What’s the benefit? The idea is that you’re chasing talent rather than position. Running back has long been heralded as the most crucial position of a fantasy football roster. It used to be that you drafted a running back with your first round pick no matter who was available because it really was the smartest thing to do. These days, the times are changing. The passing game has taken over the NFL and receivers are becoming more and more reliable and scoring more points. Assuming the number of plays in a game stays relatively the same, this means fewer carries for running backs and many fewer touches for running backs who aren’t used in the passing game.

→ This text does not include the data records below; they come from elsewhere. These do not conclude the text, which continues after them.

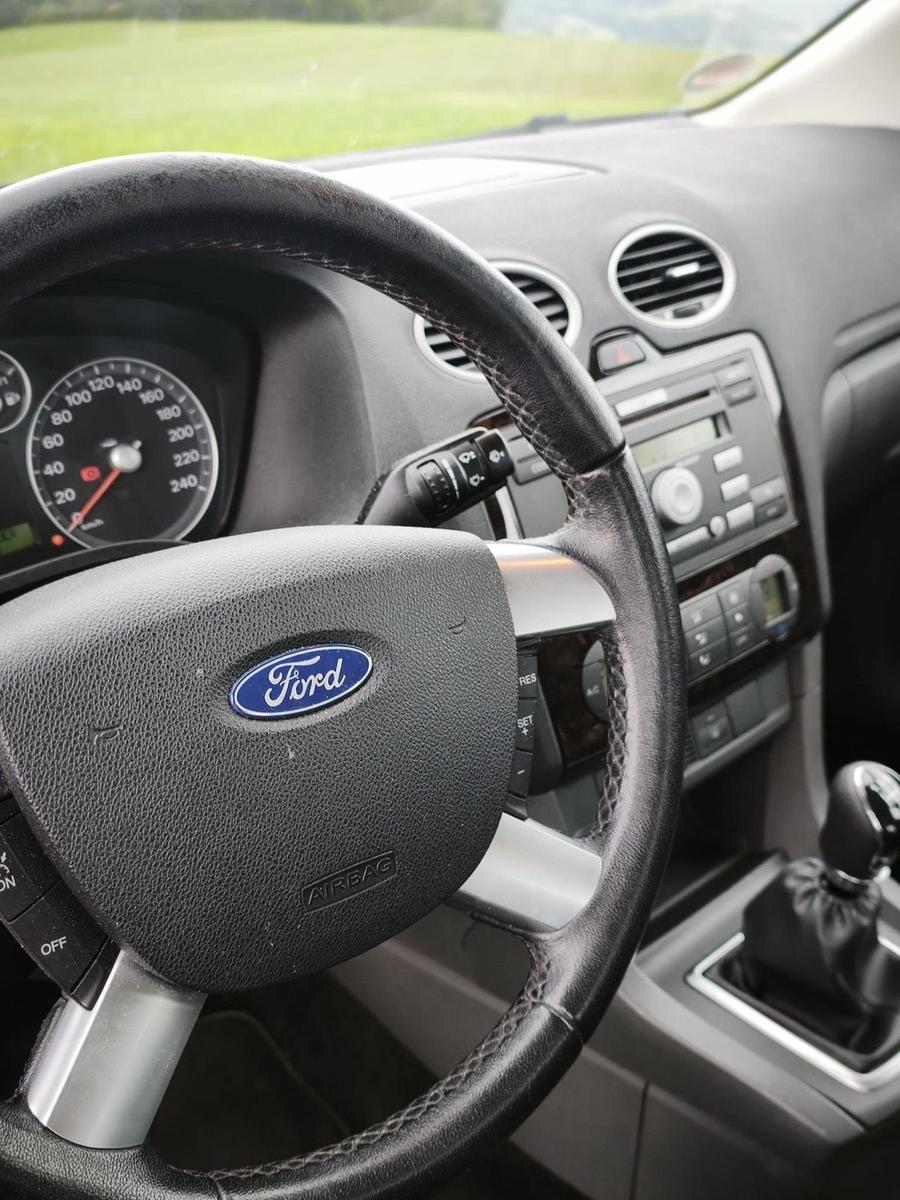 Ford Focus 2005 — photo 10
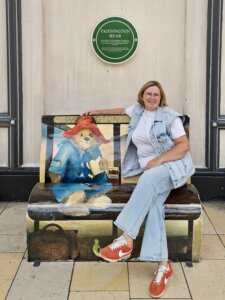 Op een bankje met Paddington in Londen.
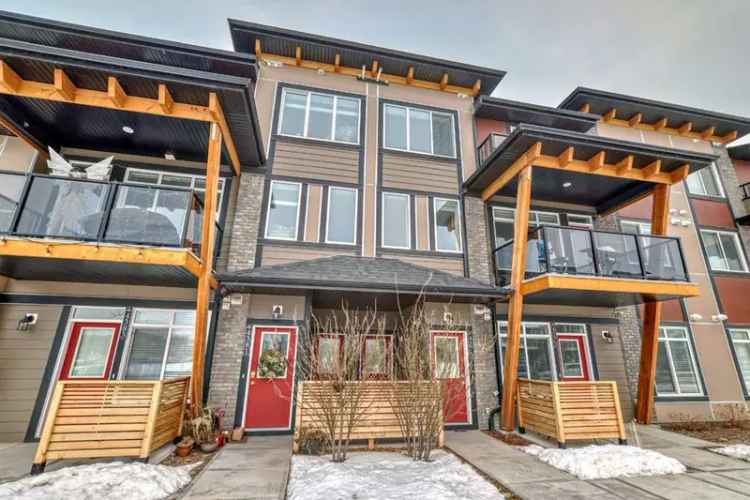 House For Sale in Calgary, Alberta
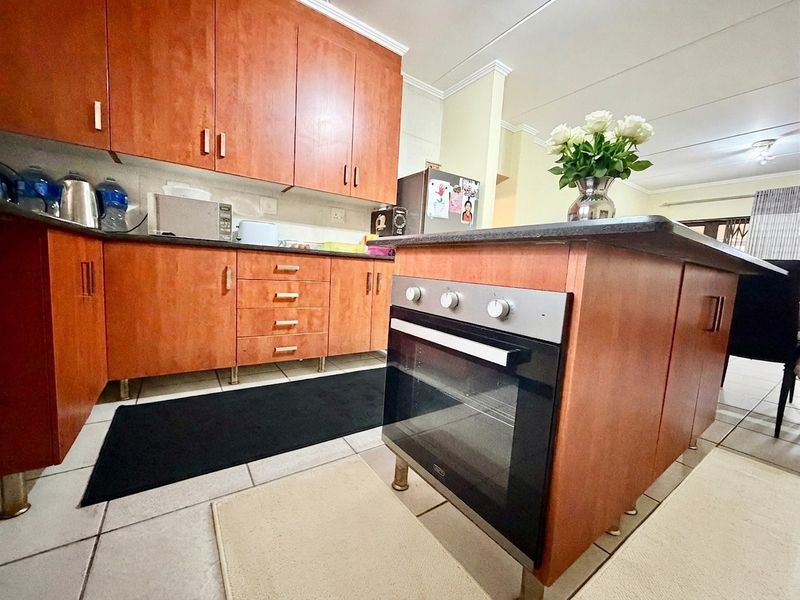 Apartment For Sale in Sunninghill, Sandton - Photo 7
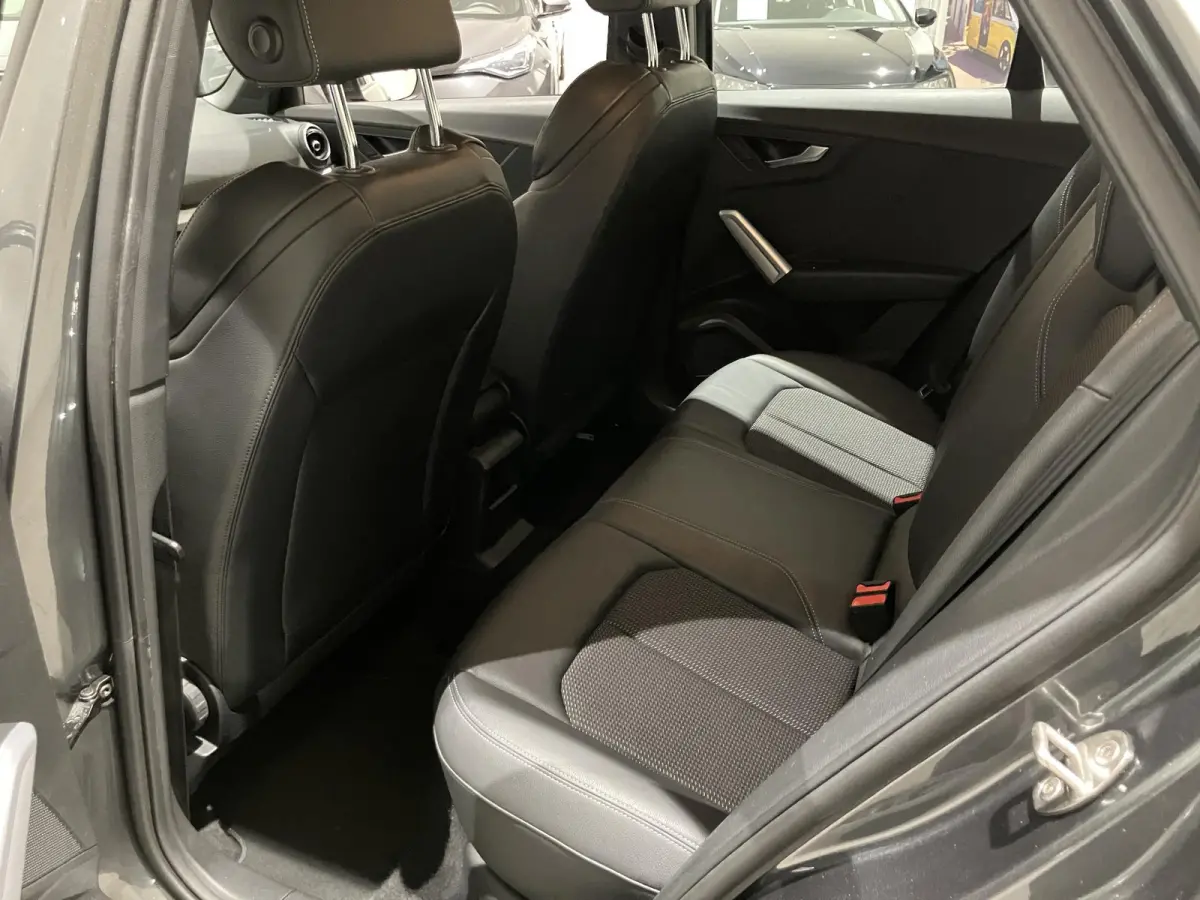 35 TFSI S Edition 150 PK Airco | Automaat | S-Line Edition | Trekhaak | Elektrische Achterklep | Navigatie | Parkeersensoren Achter | Sportstuur | LED Verlichting | Cruise Control | Bluetoot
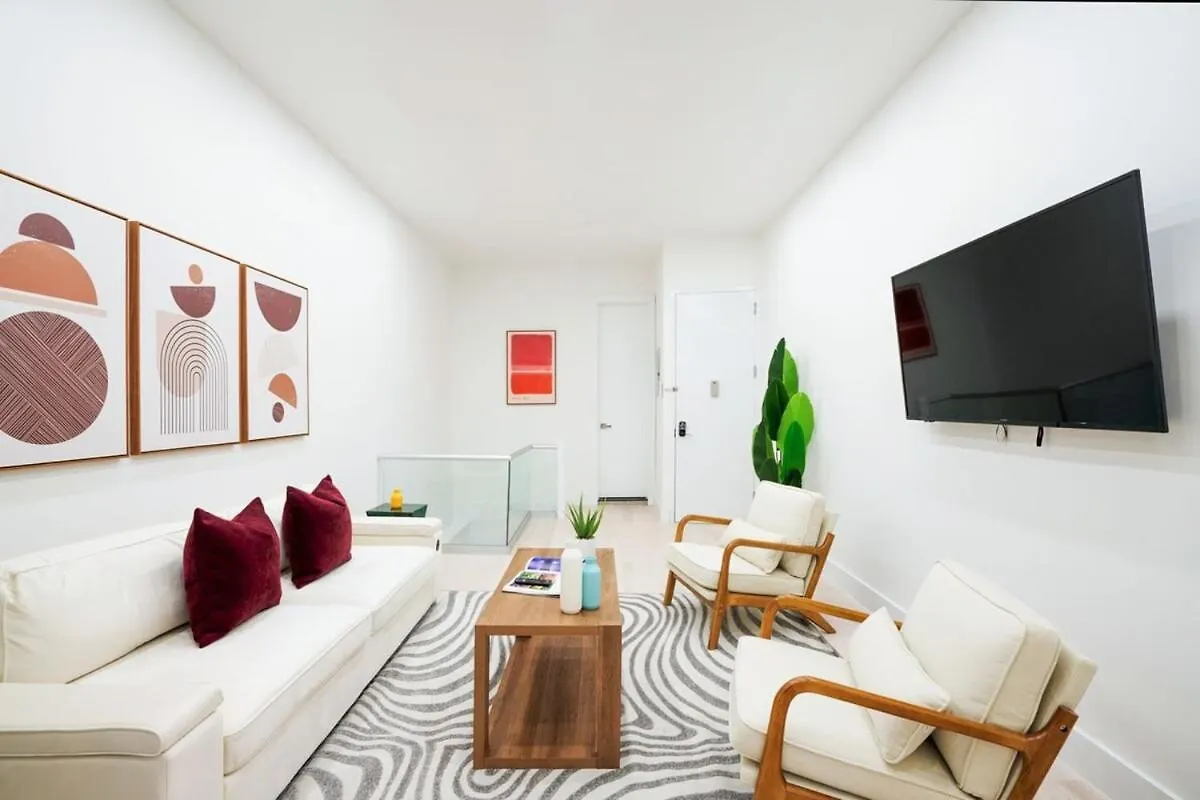 شقة 317-1D New 2Br Duplex Wd Private Backyard نيو يورك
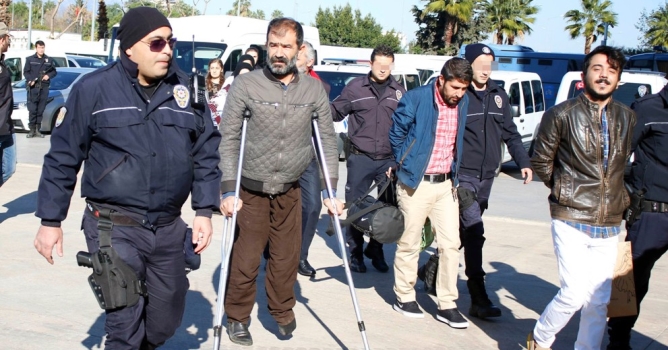 Terörden 12 tutuklama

Want some proof? Let’s go to the numbers. Both Antonio Brown (243pts) and Julio Jones (231pts) (wide receivers) outscored the top scoring running back, Devonta Freeman (230pts), from the 2015 season (ESPN standard scoring) – and that doesn’t even count PPR leagues! Following Freeman was yet another wide receiver in Brandon Marshall (223pts) before we get to the second running back Adrian Peterson (217pts). That’s nearly a 30-point difference from Peterson to Brown. So if you had used the Zero-RB strategy last year, you would have ended up with the highest scoring (Non-QB) player in the league. If you’d rolled with the standard strategy, you’d have gotten AP, the 5th best player – c’mon, none of you saw Freeman’s breakout coming.